Suriye’de işlerin kötü gittiği, işbirlikçilerin, Şam’ın ardından Halep’te de tutunamayıp sınıra doğru sürüldüğü ve tampon bölge veya güvenli bölge taleplerinin yoğunlaştığı bir dönemde, ABD Genelkurmay Başkanı General Martin Dempsey “Eğer tampon bölge kurmaya karar verirseniz, o zaman onu koruma sorumluluğunu da üstlenmiş oluyorsunuz. Bu da sizi silah, hava ve balistik füze sistemi kurmaya, kullanmaya itebilir “(Milliyet- 31 Ağustos 2012) diyerek bu talepleri açıktan reddetti.
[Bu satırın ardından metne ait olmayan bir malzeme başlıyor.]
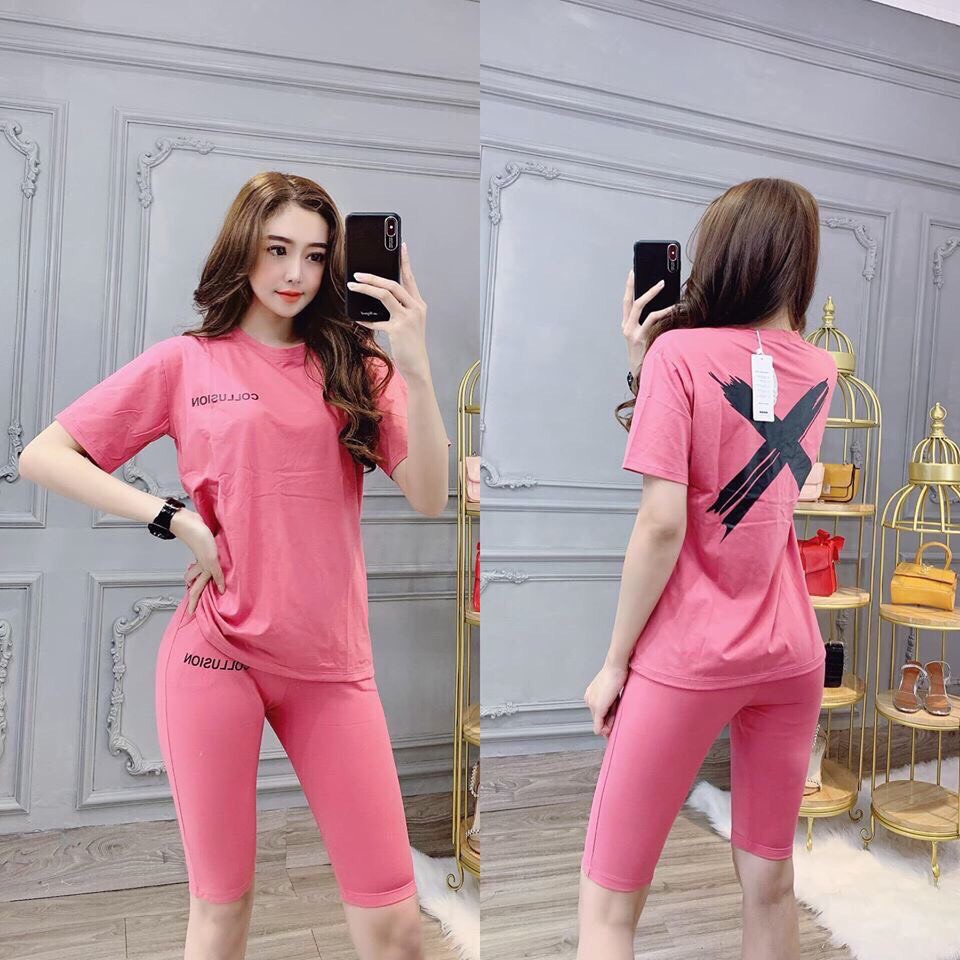 Set bộ lửng áo form rộng - thun cotton co giãn 4 chiều - nhiều màu / có size XXL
Tüm bunlar yetmiyormuş gibi 11 Eylül tarihinde ABD’de gösterime giren bir filmin “peygambere hakaret” içeriyor gerekçesiyle başta Libya, Mısır, Tunus, Yemen gibi “Arap Baharı”nın başarıyla (!) hayata geçirildiği yerlerde ABD konsolosluklarının hedef alınıp yakılıp yıkılması ve büyükelçilik çalışanlarının öldürülmesi tam bir şok etkisi yaratmıştır. ABD’nin kendi eliyle silahlandırdığı güçlerin silahı kendisine yönlendirme riski belirmiştir. ABD, bu olaydan sonra başta Suriye’deki işbirlikçiler olmak üzere Ortadoğu’da İslamcı güçleri silahlandırma ve her türlü desteği sağlama işini bir süreliğine yavaşlatma kararı aldı.
Böyle bir ortamda süreci okuyamayan Türkiye’nin çıkardığı tezkere konusunda, başta ABD olmak üzere AB ve İngiltere “sükûnet ve itidal” çağrıları yaparak gidişatı dizginleme ihtiyacı hissetti. S.Arabistan ve Katar işbirlikçilere artık eskisi gibi para yağdırma işini durdurdu.
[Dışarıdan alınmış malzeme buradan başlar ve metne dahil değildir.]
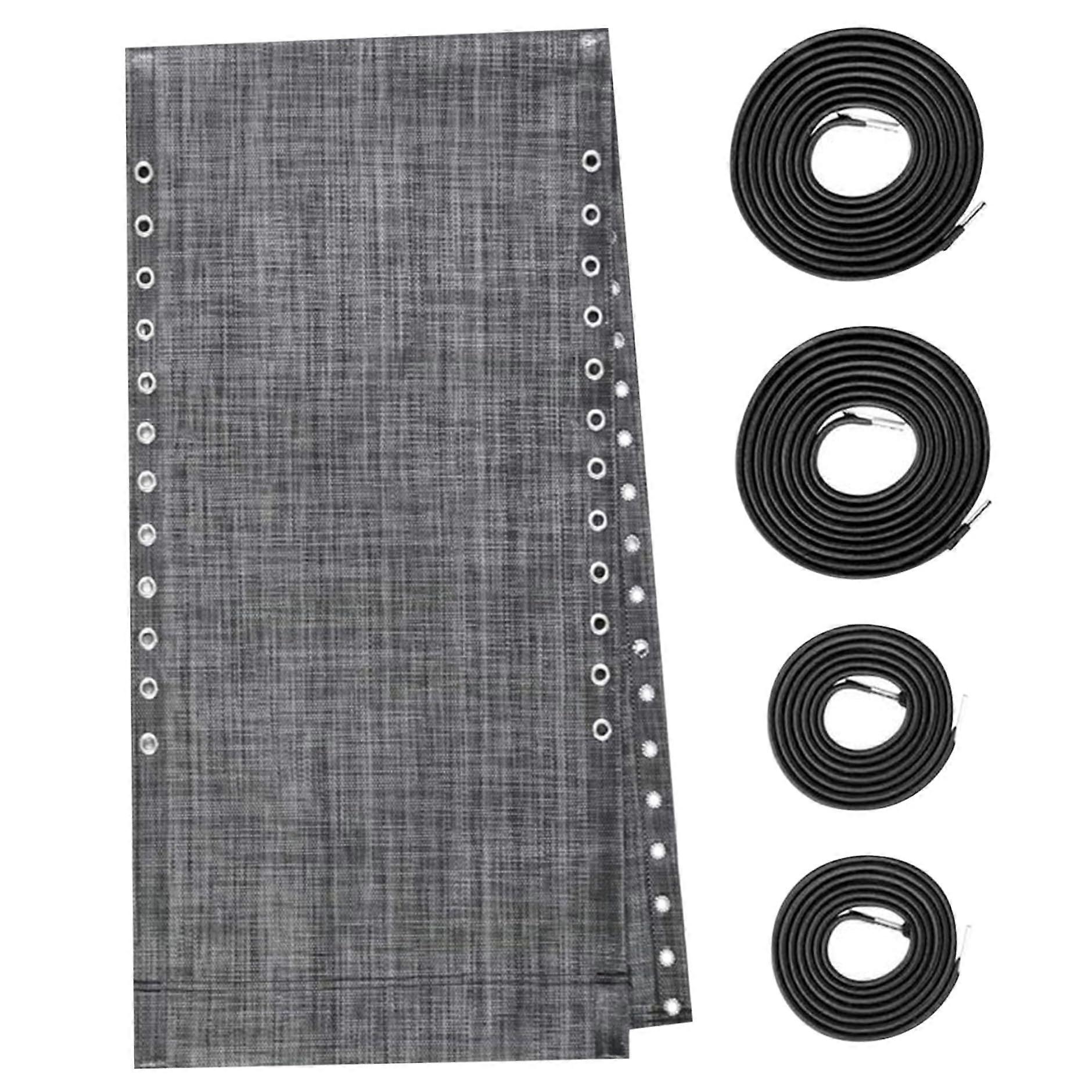 63 × 17″ waterproof, breathable sling fabric replacement for the patio lounge chair, outdoor repair kit with 4 bungee cords (black gray)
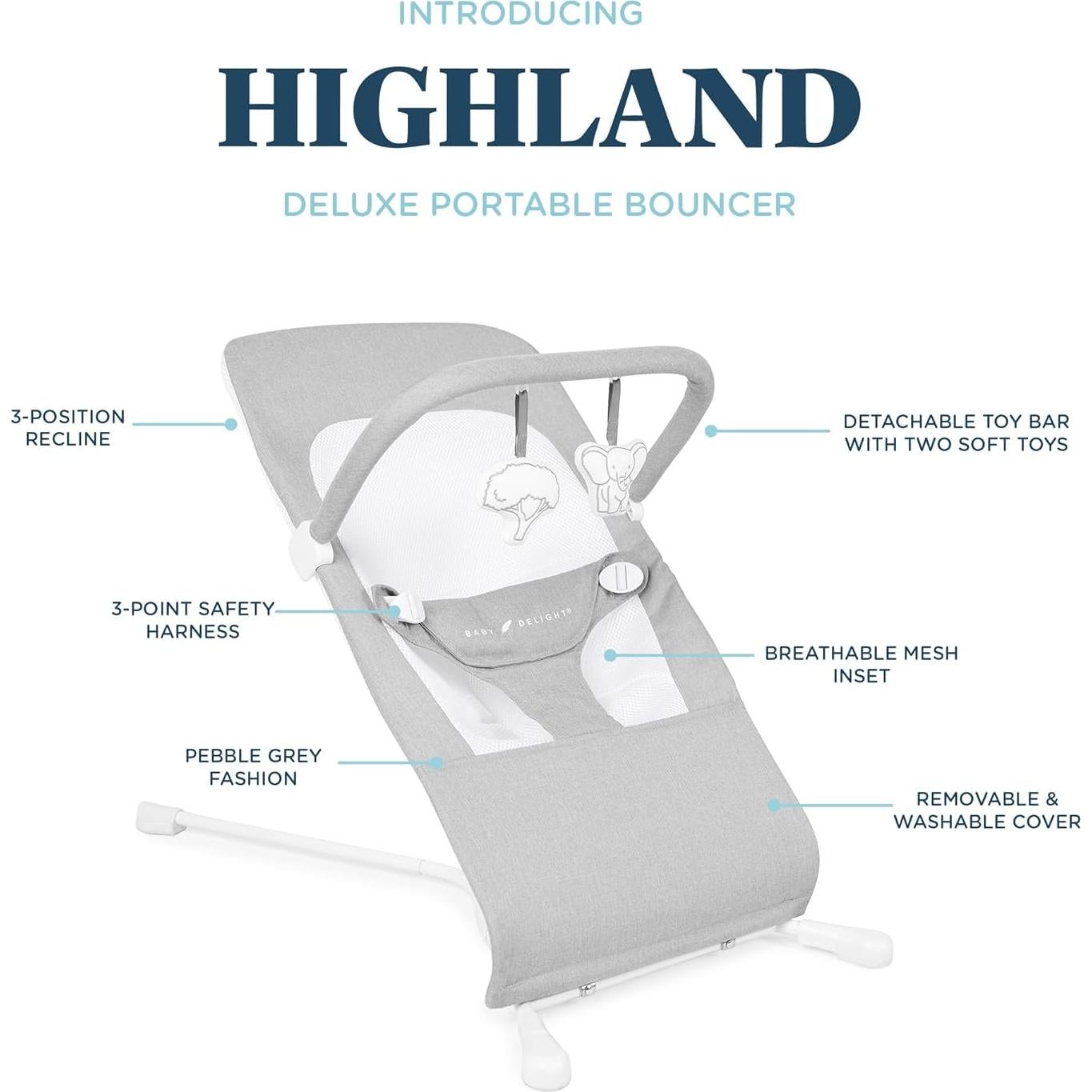 Balancín para Bebé Baby Delight Highland 0-6 Meses Gris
ABD, 6 Kasım’daki başkanlık seçimlerine kilitlenmiş durumda. Seçim yarışının kritik gittiği bir dönemde Obama, mevcut konjonktürü zorlayacak, dengeleri bozacak riskli adımlardan kaçınıyor. Hatta seçimden sonra bile ABD’nin Suriye konusunda işgal, saldırı gibi yollara başvurması beklenmemeli. Obama’nın eli rahatladığında bile kestaneyi maşayla almaya çalışacağı görülüyor. Seçim tartışmaları için üç kez bir araya gelen Obama ve Romney’in her ikisinin de Suriye’ye asker göndermek veya işgal gibi gündemlerinin olmadığı ortaya çıktı. Hatta Obama, “Suriye’ye askeri anlamda daha fazla bulaşmak, ciddi bir adımdır. Bunu, kime yardım ettiğimizden, namlularını daha sonra bize ya da bölgedeki müttefiklerimize çevirecek kesimlerin eline silah vermiyor olduğumuzdan tümüyle emin olarak yapmalıyız”(Radikal- 24 Ekim 2012) diyerek silah sevkiyatının bile artık eskisi gibi yaygın yapılmayacağının mesajını verdi.
ABD’nin Suriye’den tamamen vazgeçtiğini düşünmek ham bir hayal olur. Çünkü biz “Suriye yalnızca Suriye değildir” derken buradan çıkacak sonucun suya atılan bir taş gibi tüm Ortadoğu’yu etkileyeceğini ifade etmiştik. Suriye’de iç savaş derinleştikçe içine çektiği kesimler ve ülkeler de artacaktır.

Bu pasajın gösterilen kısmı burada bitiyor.